Bir daireden onunla aynı alana sahip bir kare çıkmayacağı nasıl ki 1882’de Lindermenn-Weierstrass teoremiyle ispatlandıysa, öyle inanıyorum ki İsrail ve onun arkasında duran Batı ve ABD demokrasisinden de bir merhamet ve huzur çıkmayacak.
Uluslararası Adalet Divanı -biraz şaşırtsa da- verdiği kararla minik bir umut kıvılcımı çakabilmiştir tabi.
Lakin bütün kuvvetli delillere rağmen “derhal soykırımı durdurun” diyememiştir; bir bebeğin hayatı bile bunu şart koşarken.

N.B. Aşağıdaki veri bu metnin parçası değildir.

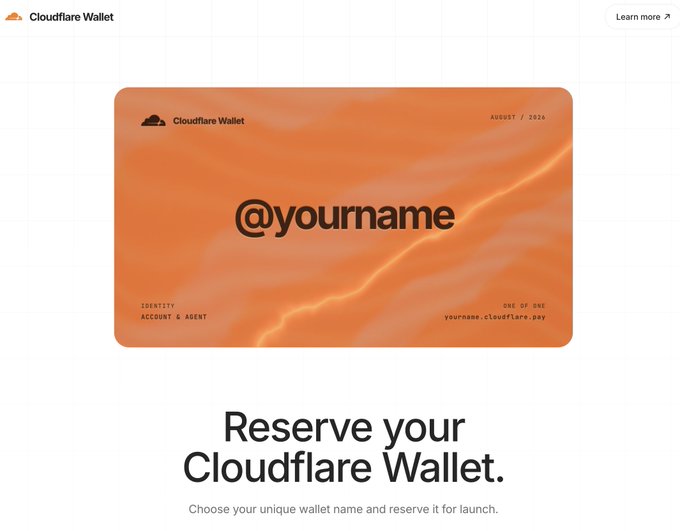 A promotional graphic for Cloudflare Wallet showing an orange '@yourname' identity card and the text 'Reserve your Cloudflare Wallet. Choose your unique wallet name and reserve it for launch.'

Alacağı kararı uygulayacak olan BMGK’nın beş daimî üyesi orada durduğu sürece de İsrail’in uykularını kaçıracak bir güç yok maalesef; en azından kısa vadede.

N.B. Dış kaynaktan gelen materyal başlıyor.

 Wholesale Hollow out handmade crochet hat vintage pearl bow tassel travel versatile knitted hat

Tedbir kararına rağmen soykırıma hala devam eden katil İsrail’in şımarıklığının sebebi de işte bu beşli yapıdan başkası değildir.

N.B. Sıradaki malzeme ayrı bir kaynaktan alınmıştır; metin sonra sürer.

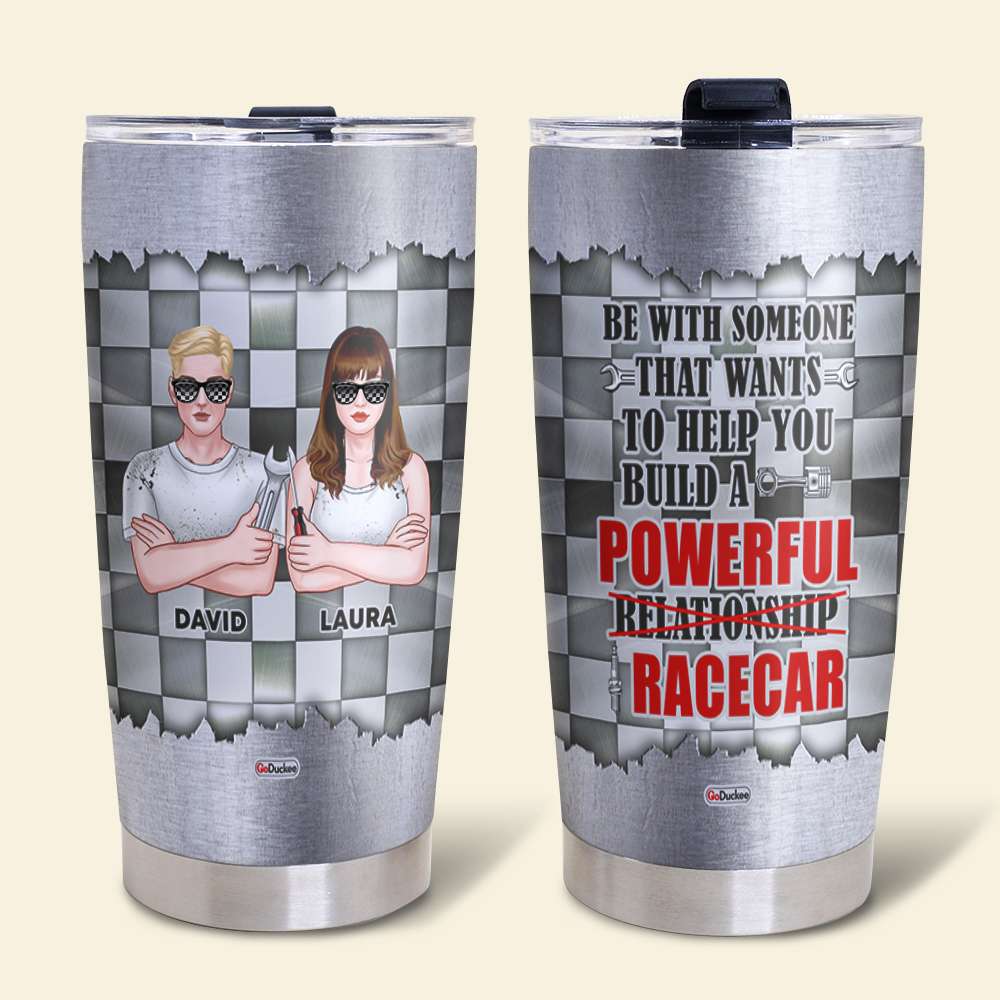 Personalized Racing Father and Son Tumbler - Working on and racing car -  GoDuckee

Zira adaleti ve merhameti kimden ve nereden beklediğimizi bilemez isek hayal kırıklığı yaşarız.
Kim bilir belki bir gün Batı demokrasisini de biz demokratikleştiririz.
Tıpkı tarihte olduğu gibi -onların dairesinden aynı alana sahip bir kare çıkmadı ama- bizim daire-i adaletimiz daha da genişleyerek onları da içine alacaktır…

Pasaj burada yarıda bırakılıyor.